The problem.
Go to the line below containing "Manos de hombre" and print exactly from there through the line containing "Close view of", both included. Print nothing else.

Data for analysis.
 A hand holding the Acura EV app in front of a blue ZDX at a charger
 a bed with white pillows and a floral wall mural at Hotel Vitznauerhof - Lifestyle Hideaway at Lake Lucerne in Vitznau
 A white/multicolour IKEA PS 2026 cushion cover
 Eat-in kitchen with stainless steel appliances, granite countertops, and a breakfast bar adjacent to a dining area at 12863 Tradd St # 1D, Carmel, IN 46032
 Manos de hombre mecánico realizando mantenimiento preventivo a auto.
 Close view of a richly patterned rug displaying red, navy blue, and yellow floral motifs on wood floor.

==

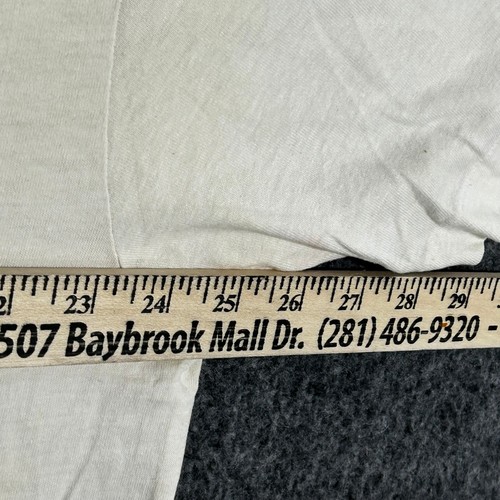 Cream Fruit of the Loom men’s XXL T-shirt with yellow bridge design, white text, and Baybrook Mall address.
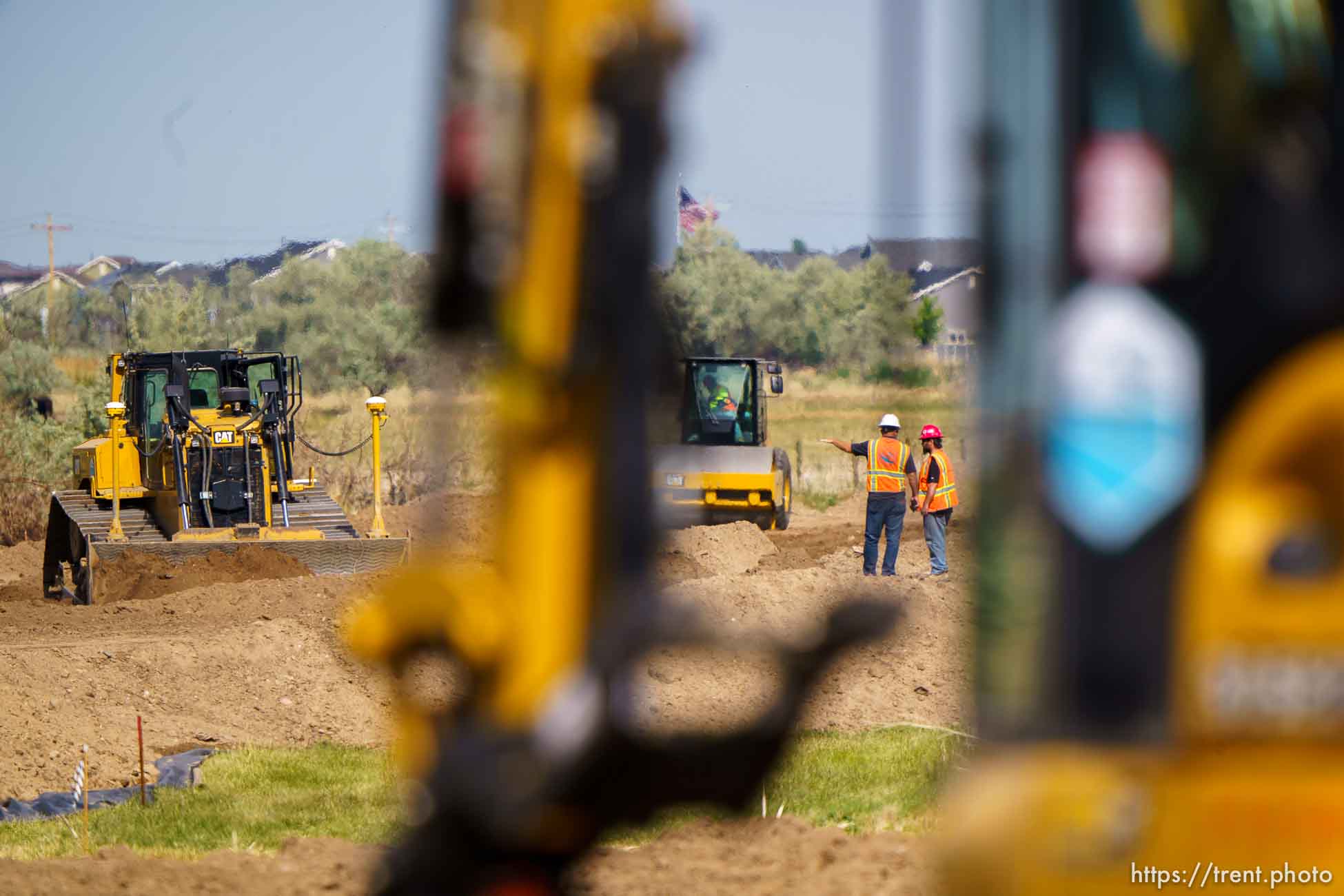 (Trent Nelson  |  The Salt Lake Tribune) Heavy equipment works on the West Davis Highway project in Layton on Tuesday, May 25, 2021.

Written solution.
 Manos de hombre mecánico realizando mantenimiento preventivo a auto.
 Close view of a richly patterned rug displaying red, navy blue, and yellow floral motifs on wood floor.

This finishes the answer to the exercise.